On Friday (19th July 2013),
Finance ministers from 20 of the world’s largest economies have endorsed the first internationally co-ordinated attempt to roll back decades of ballooning tax avoidance by many of the biggest multinational corporations in the world.
(From the Guardian)
Obviously, there are certain companies in the crosshairs: Amazon, Vodaphone, Starbucks, Google…
I want to talk about Google and how this decision could affect search engine marketing.
Google’s Stock Market Price
At the moment, Google’s shares (GOOG) are trading at €896. That’s a PE ratio of 26.3, which is 62% higher than the average PE ratio for the S&P 500.
What does this mean in layman’s terms?
It means that investors are very optimistic about Google’s future earnings. So bullish about these future profits, they’re willing to pay an excess premium to own the stock.
Google’s Future Earnings: The Big Problem
The question is, where are these extra profits going to come from?
If anything, Google could struggle to maintain onto their current profits. Here’s why…
– Higher tax bills (by $bns) due to G20 tax plan
– Possible loss of search market share due to Facebook’s recent deal with Bing (The “Search for people, places and things” bar at the top of your Facebook page)
– Bing are arguably offering better search results (for some types of search). So Google are seeing their competitive advantage eroded… putting their market share at risk.
– Potential significant loss of display network revenue if/when Facebook offer a display ad network. (Which would likely offer better ad targeting for advertisers than Adwords does.)
– More and more people use mobile phones to access the internet instead of laptops/desktops, which reduces ad revenue (See: This Is Why Google Missed Its Q2 Revenue Expectations by Business Insider).
Every one of these things would be likely to cut billions from Google’s future profits – and push the share price down.
Keeping The Shareholders Happy
If Google’s profits fail to grow at the rate expected by shareholders, those shareholders are not going to be happy.
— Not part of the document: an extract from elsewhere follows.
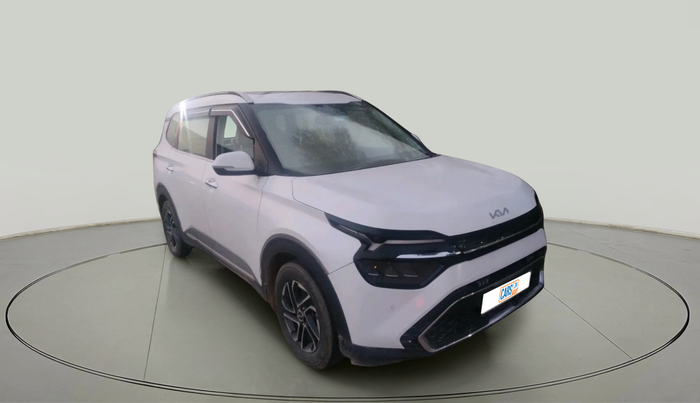 2022 KIA CARENS LUXURY PLUS 1.5 DIESEL 6 STR, Diesel, Manual, 1,82,706 km, exterior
And the major shareholders – fund managers who are focused on short-term results – would soon lean on Larry Page to find a quick way to generate extra profits.
So where is Google going to look in order to find these ‘quick wins’?
They could charge for analytics, for example. Though, by doing that, they’d give up a lot of valuable data they get from it.
It might be by going offline and into, say, mobile phones.
Another option would be to add their own verticals to the search results. So, if you search for a flight, “Google Flights” could offer you a price comparison – and Google could be an affiliate for companies that want to be included. However, given the heat Google are getting for things like “Google Finance”, this is probably off the table.
So perhaps the easiest way for them to generate more money would be to push more searchers away from organic listings and towards paid listings?
A study by Wordstream last year showed that “64.6% of clicks for high commercial intent keyword searches” are on sponsored results. (Meaning organics get just 35.4% of the clicks.)
This is a far cry from just a few years ago, but it doesn’t seem to have turned off users and lowered Google’s market share.
So the SEO world is fighting over an ever-shrinking pie. And, if Google can’t figure out a way to make up the money they’ll lose to the G20 tax plan, I suspect that pie will get even smaller.